Back to all articles

Geforce GTX960 : Maxwell for the masses

Published:

The inevitable has happened, after blitzing the high end graphics market with the superlative GTX 970 and its big brother the GTX 980, Nvidia GTX 960 cards are now on store shelves. For most users the mid-range is the sweet spot and predictably these cards sell extremely well. So if you’re keen on the latest budget performance parts, read on for the lowdown.

The GTX 960 is the first midrange card sporting the Maxwell GPU architecture and replaces the aging GTX 760, which has been holding the fort since its release in mid-2013.

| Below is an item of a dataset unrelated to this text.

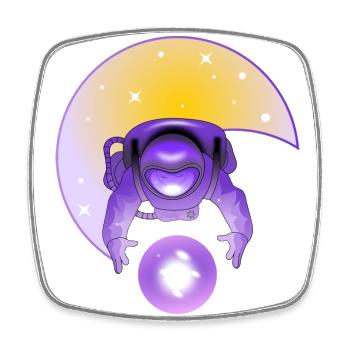 Exploring A New Galaxy - Square fridge magnet - white - Front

The first consideration on whether you want and upgrade along the midrange curve is the feature-set. Maxwell came with a few tricks up its sleeve, including DirectX 12 support, Nvidia Voxel Global Illumination, Multi-Frame sampled AA and Dynamic Super Resolution. None of these features are a reason to buy one of these cards by itself, but it’s nice to know some of the high-tech silicon has made its way down the price range.

The GM206 chip on the GTX 960 has about 43% fewer transistors when compared to the GTX 980 which translates to half as many CUDA cores. That’s not bad when you consider the GTX 980 is a $500+ card and the GTX 960 will retail for about $200, depending on the model. It seems you’d be getting a pretty good deal all things considered. The problem here is the GTX 970, which trades blows with the 980, but only costs about $300 to $350. The GTX 960 isn’t in the same league as this card, but the price gap is relatively tiny. The GTX 960 is about 30% slower than the GTX970 on average, depending on the application. It also takes a big cut in VRAM having only half of the 970’s 4GB. This means that high-resolution textures or other applications that need VRAM might fare much worse on the 960.

On the AMD side the GTX 960 is neck-and-neck with the Radeon R9 285, there’s almost no choice between these cards, trading blows on different benchmarks.

Things aren’t much better for the 960 when comparing it to the card it replaces. It outperforms the 760, but not by much.

Maxwell was not however about performance. The big shock came when we saw how little power these GPUs used. You could swop one GTX 780 for two 970s without making any difference in PSU requirements. In general under an average gaming or graphics load the GTX 960 uses as much power as a GTX 650 Ti. If you have a machine that currently uses something in the GTX 650 Ti performance class the 960 could be a serious kick in the pants without having to uprate the rest of the system. Many models of 960 are equipped with very quiet coolers indeed and passive cooling is a definite possibility.

Seen from this perspective the GTX 960 is a more palatable deal, but still we find it hard to recommend as long as the GTX 970 exists with that relatively narrow price-gap. Even when you take SLI into consideration it doesn’t make financial sense. When the 960 drops below the $200 mark and gets passive cooling however, it may be the small form factor or HTPC card of choice.